I was ten the first time a friend died. He was a nice boy who had a crush on me. We walked home from school together.

I knew he liked me and so I’d make excuses and walk with other people instead. Because when you’re a kid you’re dumb like that.

Then on a Sunday, he died in a horrible accident on his grandparent’s farm, and I knew I’d miss those walks. So I wrote a poem. Partially, out of guilt. But also, because he was a good friend, even when I wasn’t.

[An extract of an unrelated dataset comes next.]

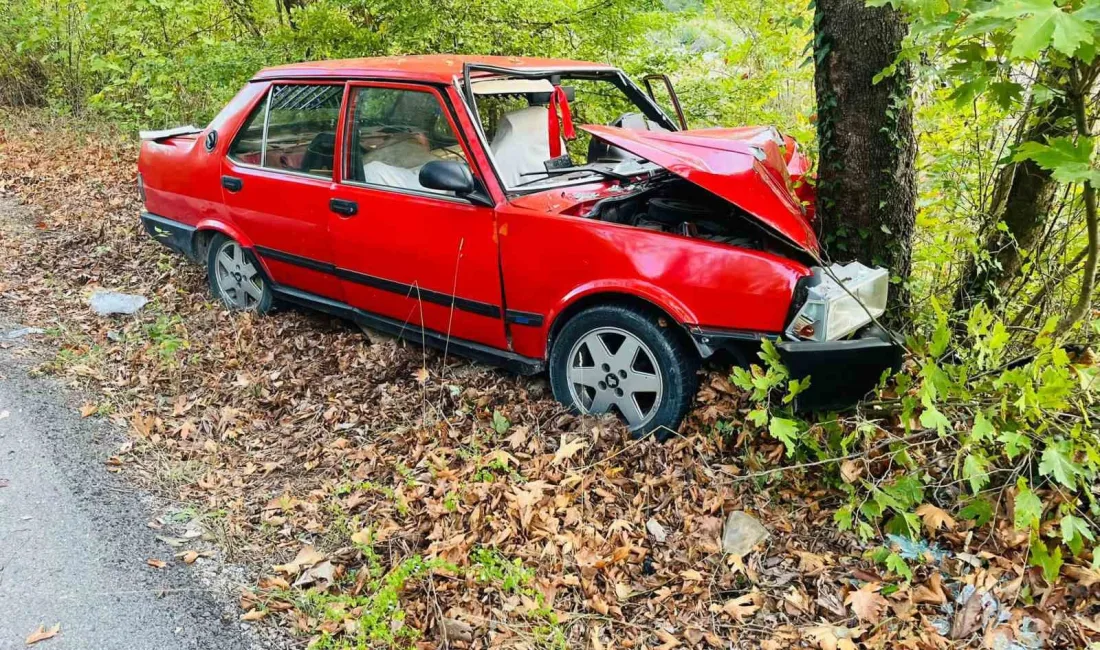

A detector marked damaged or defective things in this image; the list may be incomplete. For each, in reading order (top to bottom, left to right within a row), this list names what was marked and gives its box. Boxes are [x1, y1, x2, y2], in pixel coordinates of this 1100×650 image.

crushed red car hood [580, 124, 822, 254]
detached white bumper part [787, 261, 888, 343]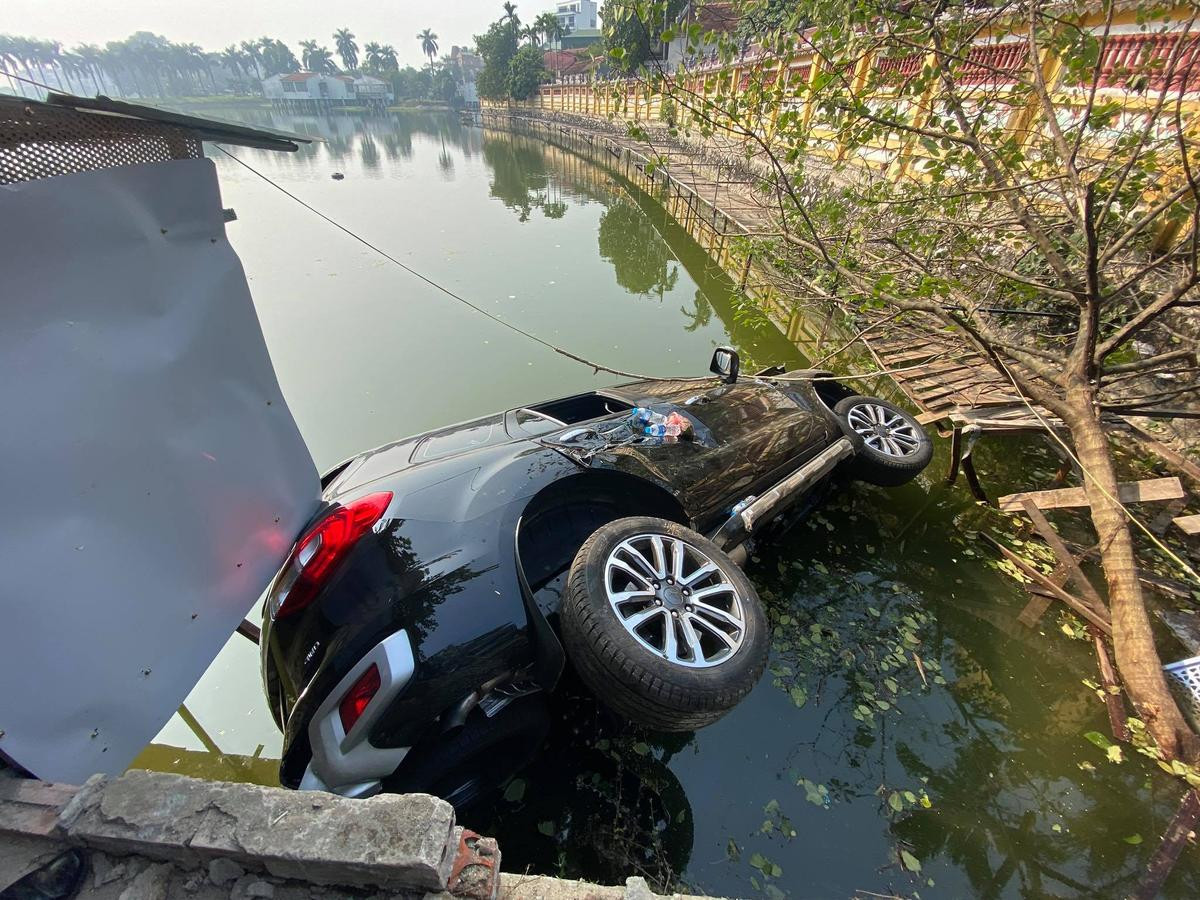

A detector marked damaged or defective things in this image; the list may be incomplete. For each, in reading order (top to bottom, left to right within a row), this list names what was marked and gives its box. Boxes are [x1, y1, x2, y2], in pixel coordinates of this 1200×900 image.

His mother asked me to read the poem at his funeral. So I did. As I read, his two-year-old brother leaned over his open casket and begged him to wake up.

I kept reading.


I’m older now and a just little wiser. Tonight I wrote this for (and about) a friend. I thought she should know. She asked if she could share it and so I thought I would too.


You to me.

We sat across from each other five years ago at a business lunch. She was quiet, soft, observant. We didn’t really talk. At least not to each other. It was a French place and I remember we ordered the same thing. Months later she came to an event I held. And lots of them after that. Soon we would start meeting beforehand. I wrote a book. She came to my first reading and brought her boyfriend. They sat in the front row. She broke up with the boyfriend. I watched her grieve in coffee shops around town. She’d date others. “He rides an edge in me,” she told me once. “I know the feeling,” I said, and that’s when I was sure, her soul knew my soul. I put those words in a book. He rides an edge in me. Or at least I always meant to.

She told me of her brother’s death and I told her about mine. She is the kind of friend who calls me on my birthday when hardly anyone picks up the phone anymore. Not to speak anyway. “Maybe that’s who you were then—” she told me once. “But not who you are now.”

We went for walks around Town Lake where she said, “That person isn’t your friend Britney, that person is trying to seduce you.” Turned out, she was right.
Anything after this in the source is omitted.